What is the truth regarding the present official attitude of the Catholic
Church toward Freemasonry? To begin this inquiry into that which is now
in effect, we should go back to what was stated in the Church's canon law
before there was any doubt about where the church stood on Masonry. The
former code (which, incidentally, was promulgated on Pentecost, May 27,
1917, just two weeks after Our Lady's first apparition at Fatima) contained
a canon which definitely capped all the previous papal condemnations of
it. Canon 2335 reads as follows:
In the wake of the Second Vatican Council, however, when the revision
of the Code of Canon Law was underway, the prevailing spirit of "ecumenical
dialogue" prompted questions among various bishops as to whether or
not Canon 2335 was still in force. Responding to these questions, a letter
from Cardinal Francis Seper, Prefect of the Sacred Congregation for the
Doctrine of the Faith, to the presidents of all the episcopal conferences,
dated July 18, 1974, stated that: (1) the Holy See has repeatedly sought
information from the bishops about contemporary Masonic activities directed
against the Church; (2) there will be no new law on this matter, pending
the revision of the Code now underway; (3) all penal canons must be interpreted
strictly and (4) the express prohibition against Masonic membership by
clerics, religious, and members of secular institutes is hereby reiterated.1
This rather awkwardly structured letter (which, for whatever reason,
was not published in the Acta Apostolicae Sedis, the official journal
of record for the Holy See) came to be interpreted in many quarters as
allowing membership by laymen in any particular Masonic (or similar) lodge
which, in the judgment of the local bishop, was not actively plotting against
the Church or legitimate civil authorities.

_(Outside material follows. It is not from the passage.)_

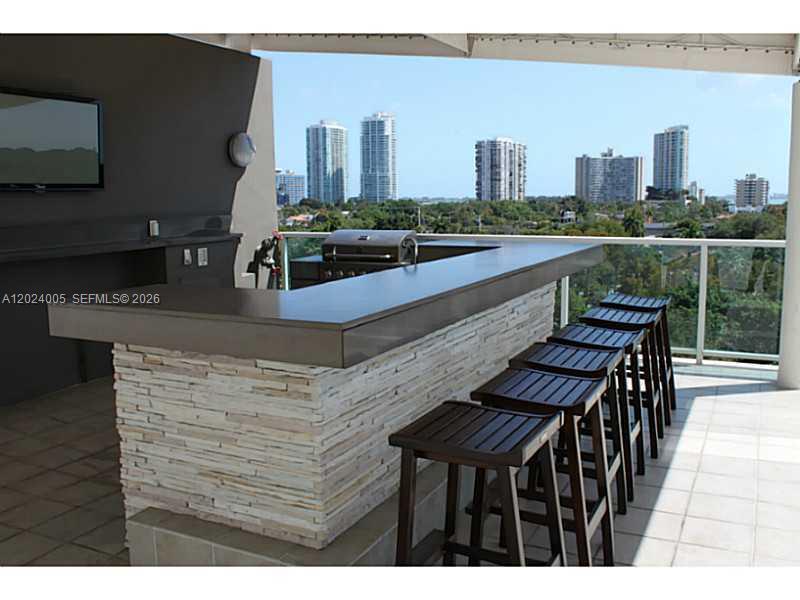 2525 SW 3 AV #1006, Miami FL 33129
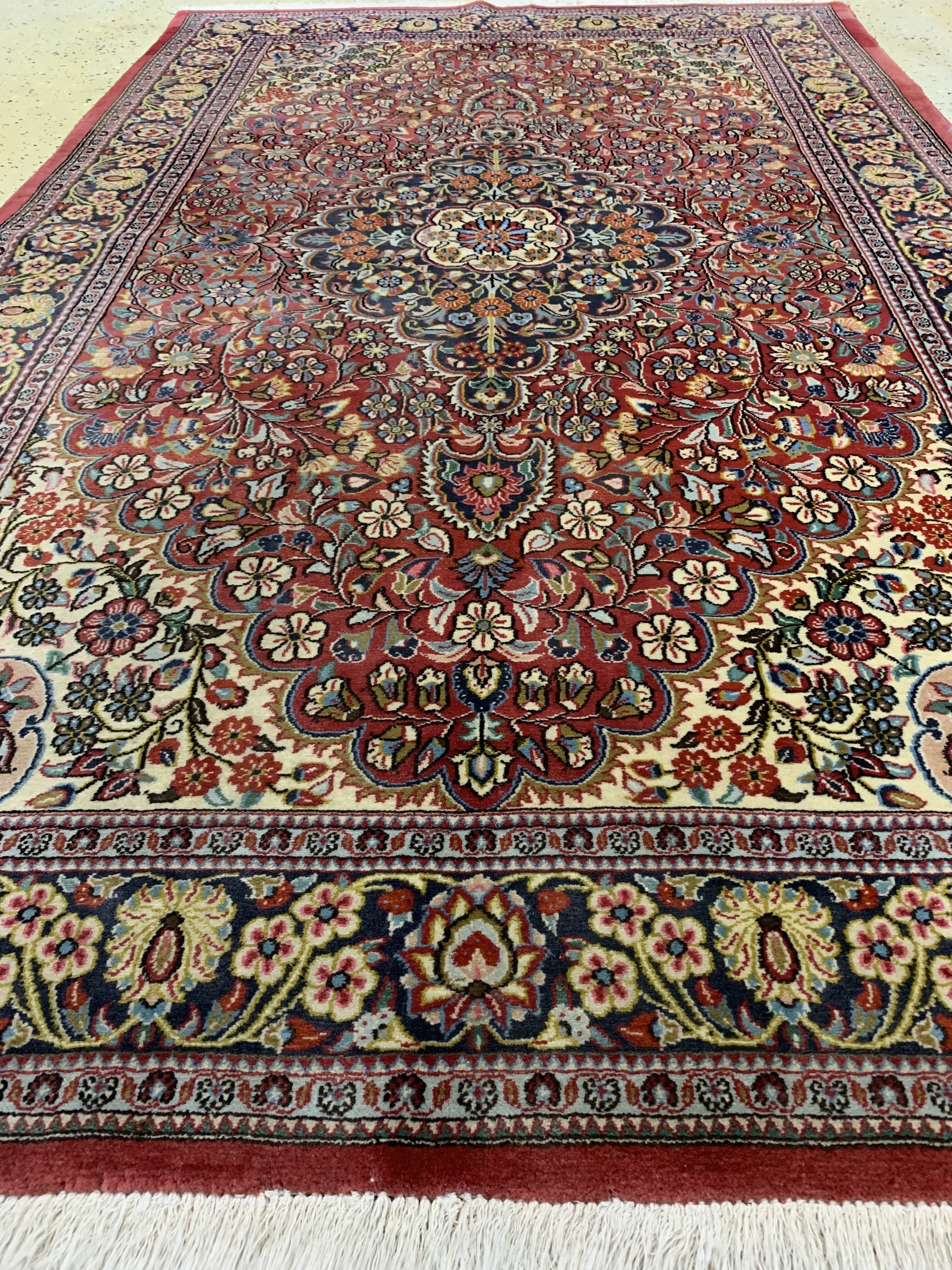Detail c: Ghom Kork, Persien, ca. 50 Jahre, Korkwolleauf Baumwolle, ca. 213 x 135 cm, EHZ: 2(verblaßt).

This state of affairs, in which undoubtedly a fair number of Catholics
in good faith became Masons, lasted for some years. Then, on February 17,
1981, Cardinal Seper issued a formal declaration: (1) his original letter
did not in any way change the force of the existing Canon 2335; (2) the
stated canonical penalties are in no way abrogated and (3) he was but recalling
the general principles of interpretation to be applied by the local bishop
for resolving cases of individual persons, which is not to say that any
episcopal conference now has the competence to publicly pass judgment of
a general character on the nature of Masonic associations, in such a way
as to derogate from the previously stated norms.2
Because this second statement seemed to be as awkwardly put together
as the first, the confusion persisted. Finally, in 1983 came the new Code
with its Canon 1374:
Persons joining associations of the Masonic sect or any others of the
same kind which plot against the Church and legitimate civil authorities
contract ipso facto excommunication simply reserved to the Apostolic
A person who joins an association which plots against the Church is
to be punished with a just penalty; one who promotes or takes office in
such an association is to be punished with an interdict.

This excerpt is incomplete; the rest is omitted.